For AI coding assistants. Read this before making changes.
An eBPF-based CPU profiler for Linux, written in Rust. Single binary (probee), no BCC/libbpf dependencies. Walks stacks in-kernel via frame pointers or DWARF unwind tables, outputs flamegraphs (TUI, SVG, HTML, JSON, web server).
┌─────────────────────────────────────────────────────────────────┐
│ profile-bee-ebpf (kernel) profile-bee (userspace) │
│ ───────────────────────── ─────────────────────── │
│ perf_event fires tokio async runtime │
│ → collect_trace() ← RingBuf polling │
│ → FP or DWARF unwinding → read COUNTS, STACK_TRACES, │
│ → write to eBPF maps STACKED_POINTERS maps │
│ → submit StackInfo via → symbolize (blazesym/gimli) │
│ RING_BUF_STACKS → output flamegraph │
│ │
│ profile-bee-common (#![no_std]) │
│ ──────────────────────────────── │
│ Shared #[repr(C)] types: StackInfo, FramePointers, │
│ UnwindEntry, ProcInfo, DwarfUnwindState, constants │
└─────────────────────────────────────────────────────────────────┘
| Crate | What | Notes |
|---|---|---|
profile-bee/ |
Userspace binary (probee, pbee) |
CLI, eBPF loader, symbolization, output generation |
profile-bee-ebpf/ |
eBPF kernel programs | Separate workspace — built with cargo +nightly for bpfel-unknown-none |
profile-bee-common/ |
Shared #![no_std] types |
#[repr(C)] structs used by both eBPF and userspace |
profile-bee-tui/ |
Terminal UI (forked from flamelens) | Behind tui feature flag (default on) |
xtask/ |
Build automation | cargo xtask build-ebpf, cargo xtask run |
| # | File | Lines | What |
|---|---|---|---|
| 1 | profile-bee-common/src/lib.rs |
~190 | All shared types and constants (StackInfo, UnwindEntry, FramePointers, ProcInfo, DwarfUnwindState) |
| 2 | profile-bee-ebpf/src/main.rs |
~110 | All eBPF program entry points — thin wrappers calling into lib.rs |
| 3 | profile-bee-ebpf/src/lib.rs |
~1200 | eBPF core: collect_trace, DWARF unwinding, all map definitions |
| 4 | profile-bee/src/ebpf.rs |
~500 | EbpfProfiler — eBPF loading, program attachment, map setup, DWARF table loading |
| 5 | profile-bee/src/dwarf_unwind.rs |
~880 | DwarfUnwindManager — .eh_frame parsing, unwind table generation, shard management |
| 6 | profile-bee/src/trace_handler.rs |
~290 | TraceHandler — symbolization (blazesym), stack frame formatting |
| 7 | profile-bee/bin/profile-bee.rs |
~1750 | CLI (Opt struct via clap), orchestration, all output modes, main loop |
| 8 | profile-bee/src/probe_spec.rs |
~780 | ProbeSpec / SymbolPattern — uprobe spec parsing (glob, regex, demangled, source loc) |
| 9 | profile-bee/src/probe_resolver.rs |
~670 | ProbeResolver — resolves ProbeSpec to concrete ResolvedProbe targets via ELF scanning |
bin/profile-bee.rs CLI entry point, Opt (clap), main loop, output writers
src/
lib.rs Re-exports; declares modules
ebpf.rs EbpfProfiler: load/attach eBPF, map I/O, DWARF table loading
dwarf_unwind.rs DwarfUnwindManager: .eh_frame → UnwindEntry tables → eBPF shards
trace_handler.rs TraceHandler: address → symbol resolution (blazesym), caching
types.rs StackFrameInfo, FrameCount, StackInfoExt trait
cache.rs ProcessCache, AddrCache, PointerStackFramesCache (LRU-style)

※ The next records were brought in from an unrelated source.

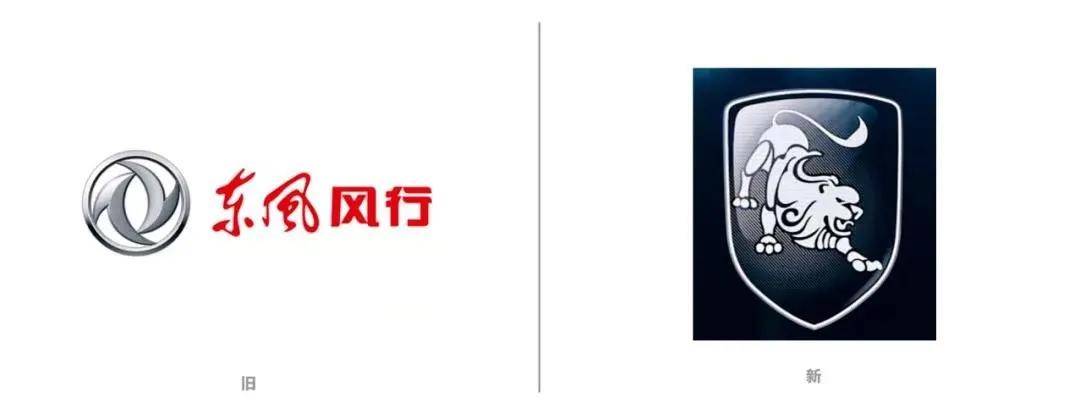 e汽车东风风行全新logo正式发布高端与年轻化乘风而来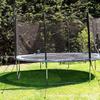 PP Plant Fixing Stake Tent Camping Garden Tool with Tying Rope , 30 cm , Green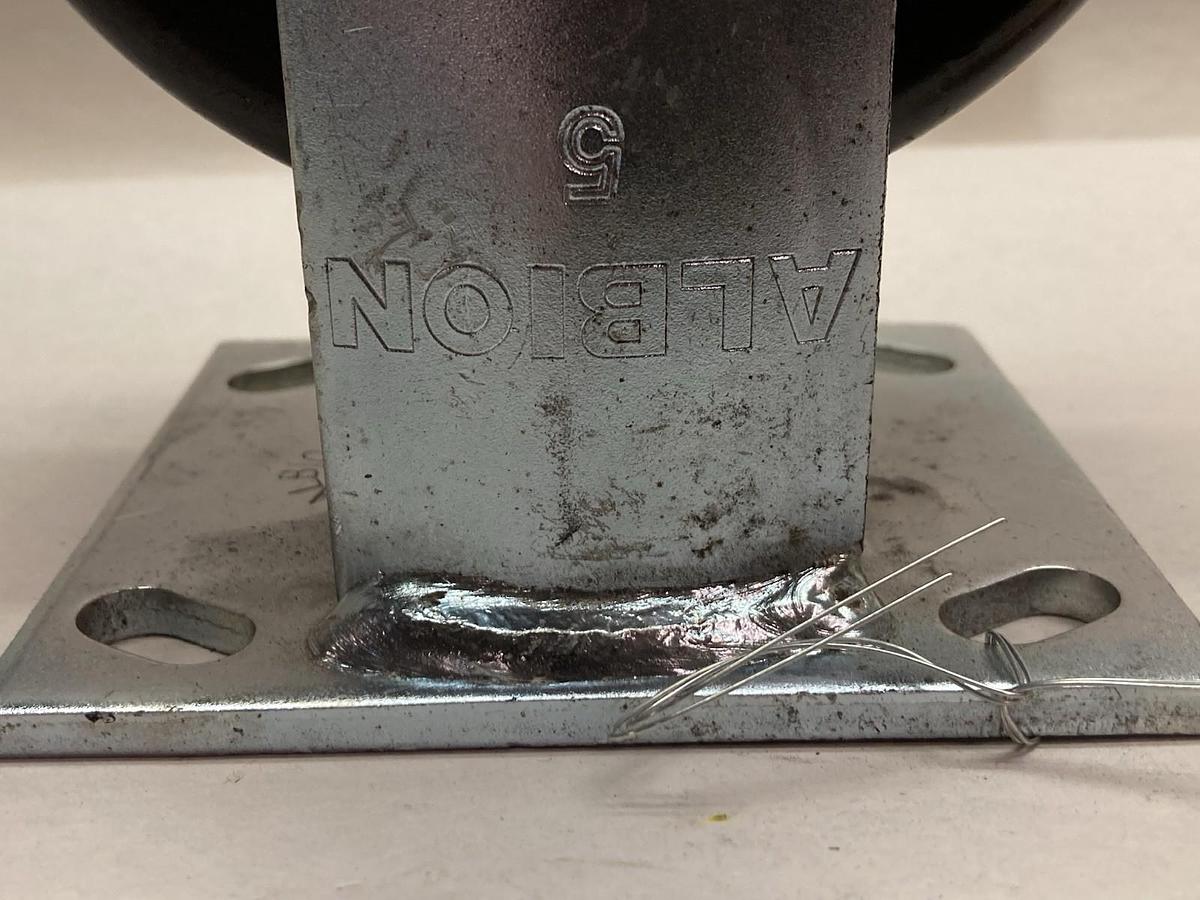 Albion,4x4.5,Caster Wheel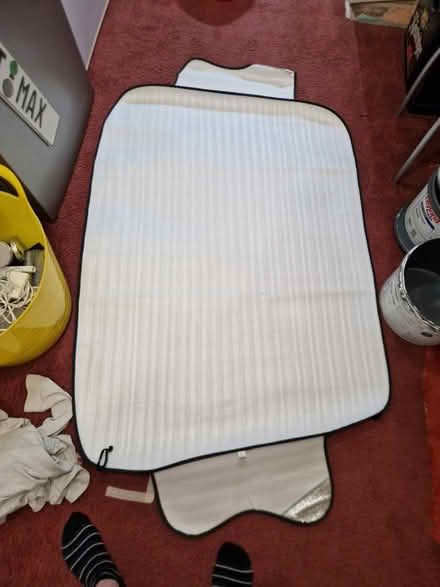 Photo of free Car windscreen frost screen (Whitnash CV31 2) #2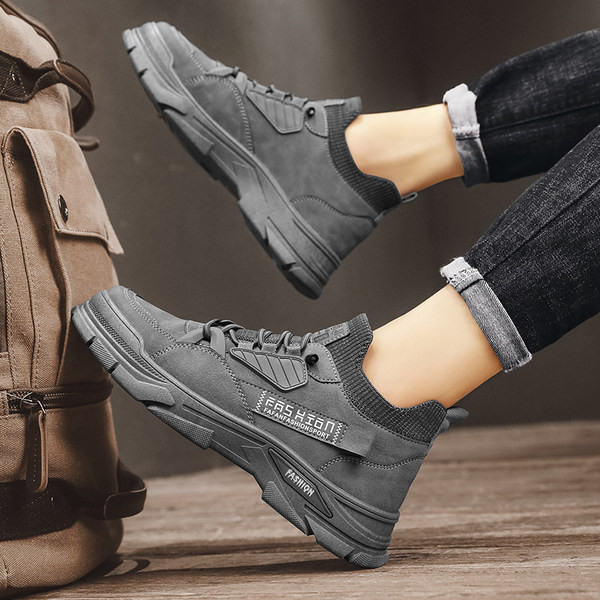 Sporta vīriešu apavi no eko ādas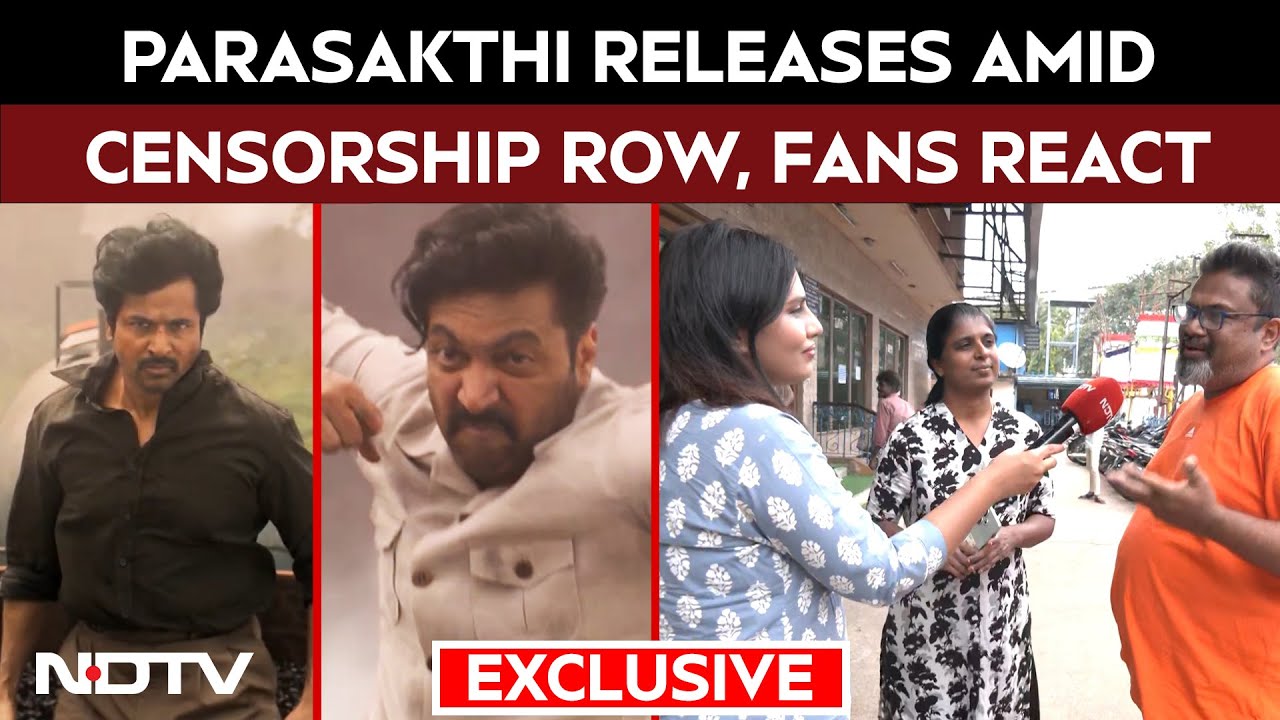 Parasakthi Public Review And Reactions As Film Finally Hits Theatres Post Certification Row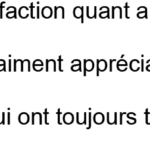 Mars 2020 - Merci pour ton professionnalisme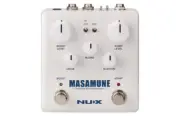 NUX NBK-5 Masamune Booster & Kompressor (Compressor) Dual Switch Effects Pedal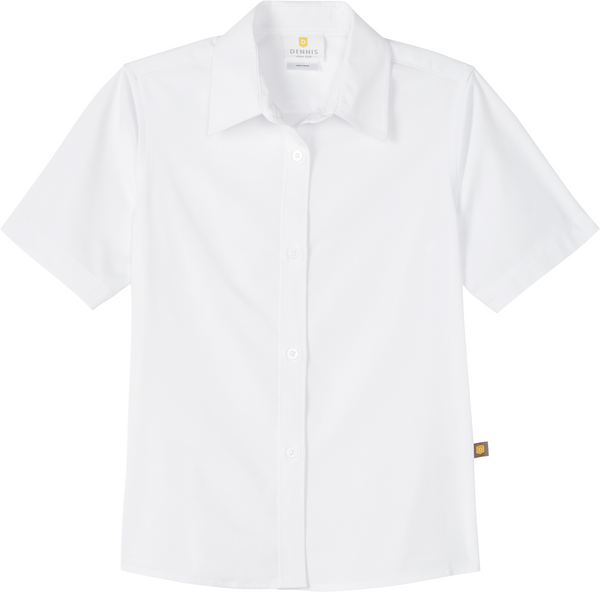 Rancho Solano Feminine Fit Short Sleeve Oxford Shirt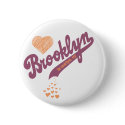 Love For Brooklyn Button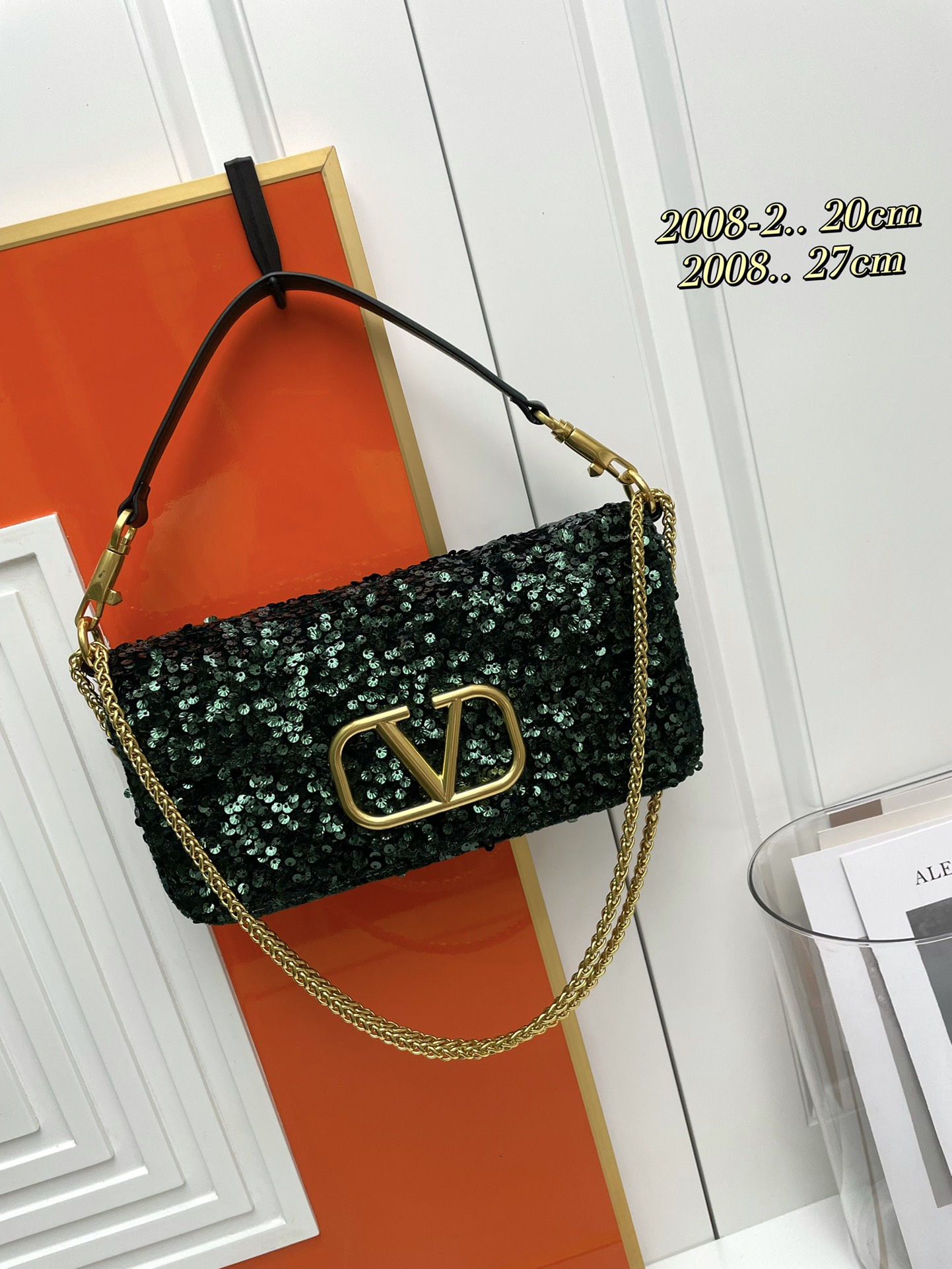 Cheap Valentino AAA quality Handbags in 220291, $110 USD- [IB220291] - Replica Valentino AAA quality Handbags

html.rs HTML flamegraph output (Stack tree builder)
spawn.rs SpawnProcess: child process lifecycle for --cmd
probe_spec.rs ProbeSpec enum: parse uprobe specs (exact/glob/regex/source/demangled)
probe_resolver.rs ProbeResolver: spec → ResolvedProbe via ELF .symtab/.dynsym scanning
legacy/ Legacy symbol resolution code (addr2line-based, being replaced by blazesym)
src/main.rs Entry points: #[perf_event], #[kprobe], #[uprobe], etc.
src/lib.rs All implementation + map definitions:
collect_trace() — main sampling path (FP + optional DWARF)
collect_trace_stackid_only() — tracepoint path (bpf_get_stackid only)
collect_trace_raw_syscall() — raw_tracepoint sys_enter
collect_trace_raw_tp_with_task_regs() — raw TP with bpf_task_pt_regs
dwarf_unwind_one_frame() — single DWARF frame step
dwarf_copy_stack_regs() — legacy inline path (21 frames max)
dwarf_try_tail_call() — tail-call path entry (165 frames max)
dwarf_unwind_step_impl() — tail-call target (5 frames per call)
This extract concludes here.